CATATAN JURNALIS—Puluhan tahun lamanya, Narto Wiyono menggantungkan hidupnya dengan membuka usaha potong rambut di bawah pohon beringin kawasan barat Alun-alun Utara Keraton Yogyakarta. Bahkan di usianya yang sudah 91 tahun, ia masih bertahan di tengah semakin sulitnya mengais rejeki.

Sejauh ingatan Mbah Narto, ia lahir pada tahun 1925. Saat itu yang diingatnya adalah situasi serba tidak enak. Sebagai warga biasa di zaman penjajahan yang tentu saja miskin, ia tidak pernah mengenyam pendidikan. Kendati pada zaman berikutnya sekolah itu tidak dipungut biaya, namun Mbah Narto yang ditemui Senin (9/5/2016) mengaku sudah terlanjur berwiraswasta.

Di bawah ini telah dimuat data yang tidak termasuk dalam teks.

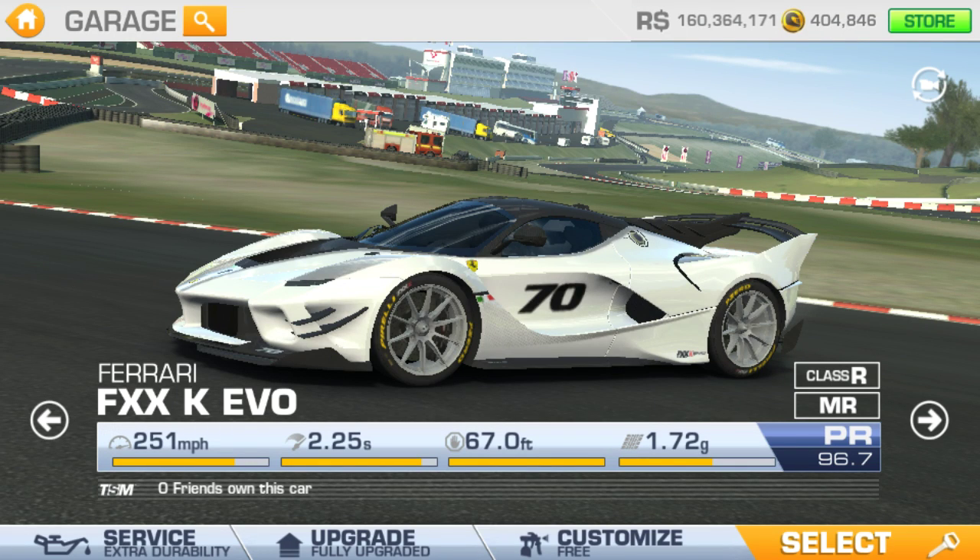Hey guys, this is Krish from CSR Real Racing 13D and today we are going to be taking a look at the Ferrari FX6K EVO. The Ferrari FX6K EVO produces 1036 horsepower and over 664 pound-feet of torque from its 6.3 litre V12 and its electric motors. The V12 alone pumps out just 850 bhp and 553 pound-feet of torque, while the motor adds a further 187 bhp.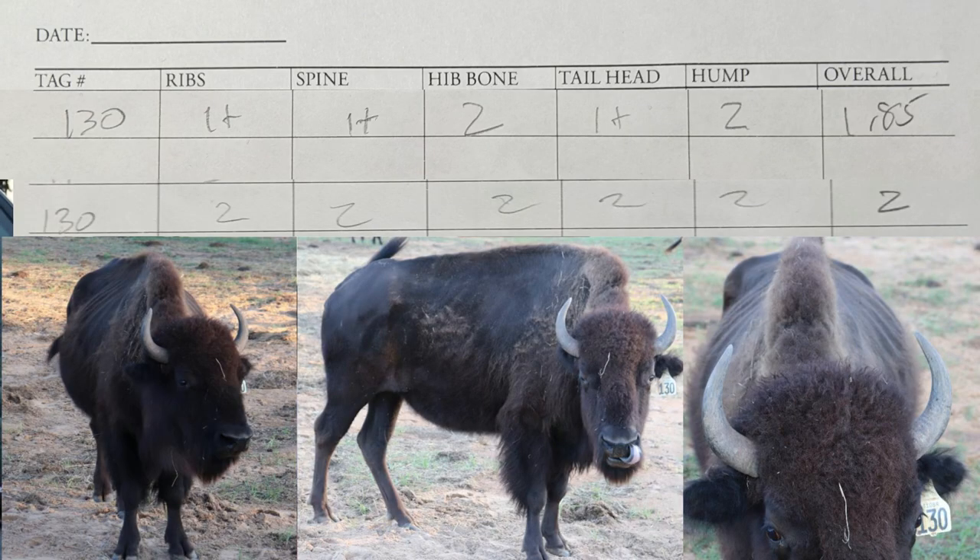For a couple of other animals — I'll put Sharla's and mine on screen so you can see them. You can see we're a little different — I have some one-pluses where she has twos across the board. I think I was a little more harsh on number 130. My overall score came out to 1.85 and hers was 2.0. Cumulatively when averaged, not that much different.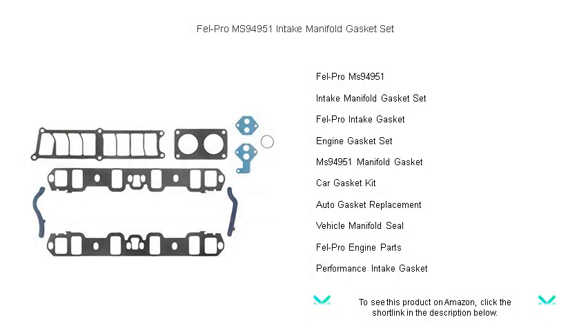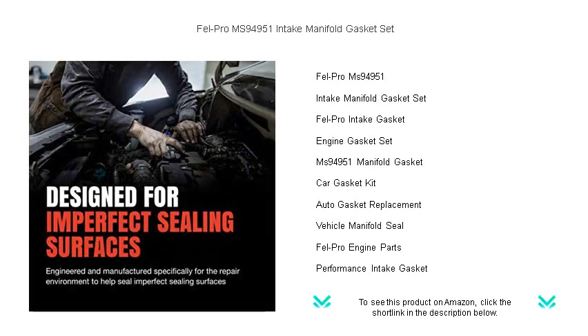Unleash peak engine performance with the Fel-Pro MS 94951 Intake Manifold Gasket Set, your ultimate solution for a superior, leak-free seal.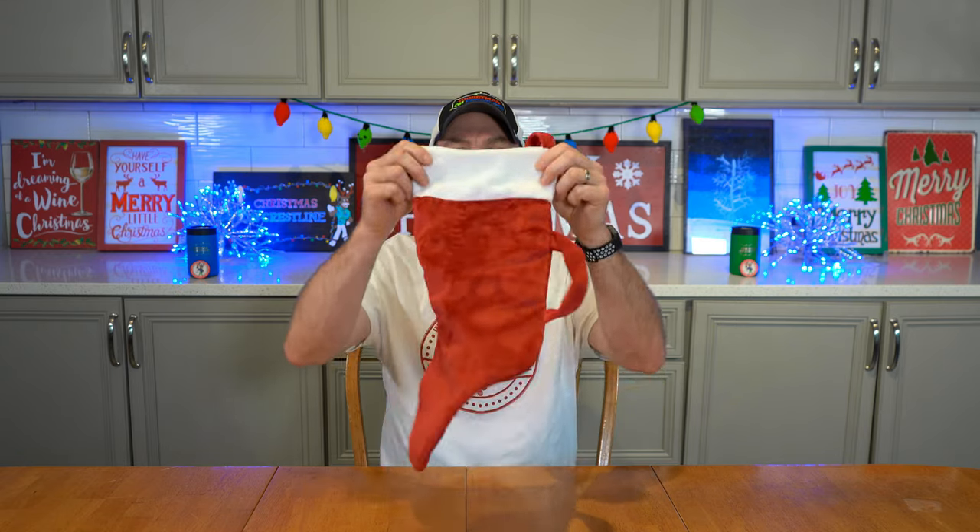Howdy folks, Charlie here from Christmas on Crestline. Thanks for tuning in to this review and interview show. Today we'll be reviewing the zippered stocking from the Zippered Stocking Company, and we'll be interviewing their creators and owners. Santa and Karen are with us today to talk about their product, the zippered stocking.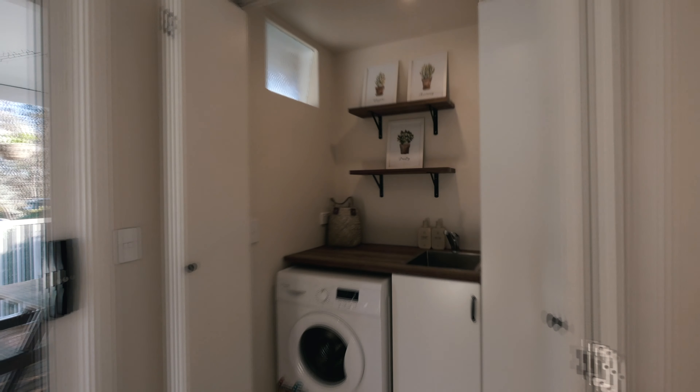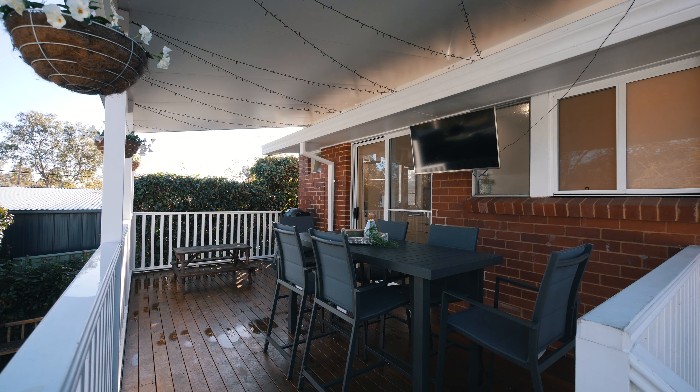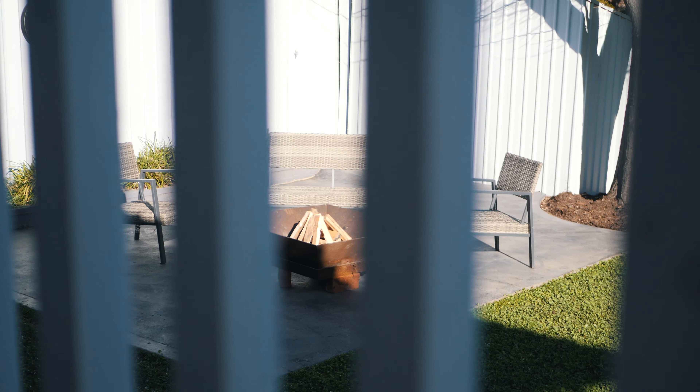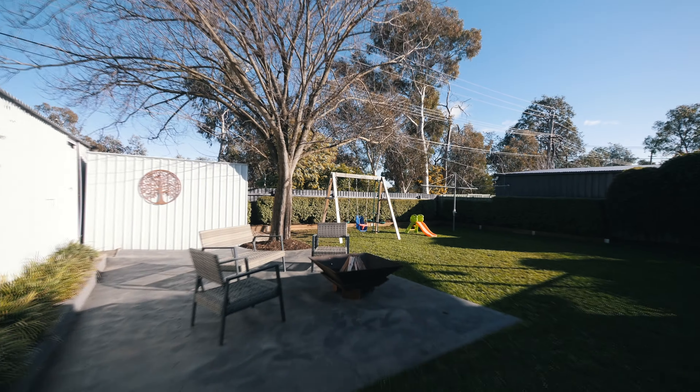If you have been endlessly searching for a fully renovated four-bedroom residence with an inner Belconnen location, look no further than 16 Jindavik Place in Skullin. Welcome.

Dengan berbagai keterampilan yang dipelajarinya selama merantau di banyak daerah, Mbah Narto pernah menjadi pedagang perhiasan imitasi seperti gelang, cincin dan anting di desa Ketawang, Kutoarjo, Jawa Tengah. Pernah pula menjadi pengrajin mobil mainan berbahan kayu di Semarang dan Demak, dan membuat minyak goreng di saat harga beras sangat mahal. Sayang, Mbah Narto yang lahir di Dusun Genitem, Sidoagung, Godean, Sleman itu tak banyak mengingat situasi politik kala itu, sehingga Mbah Narto hanya paham cara bertahan hidup. Yaitu, dengan keterampilan yang tak harus pula dipelajari di bangku sekolah.
Mbah Narto setiap hari membuka jasa potong rambut di bawah pohon beringin sejak tahun 1985. Berangkat dari rumahnya di Godean, Sleman dengan naik ojek. Untuk itu, ia harus membayar biaya ojek setiap bulannya sebesar Rp. 470.000. Mbah Narto terpaksa naik ojek, karena sudah tak lagi berani naik sepeda sendiri. Sedangkan anak-anaknya yang berjumlah 9 orang semua sibuk bekerja.
Kendati tak pernah mengenyam pendidikan formal, Mbah Narto mengaku bangga karena memiliki keterampilan otodidak. Dan, dengan keterampilannya itu ia mampu membesarkan 9 anaknya yang kini telah memberinya 21 cucu.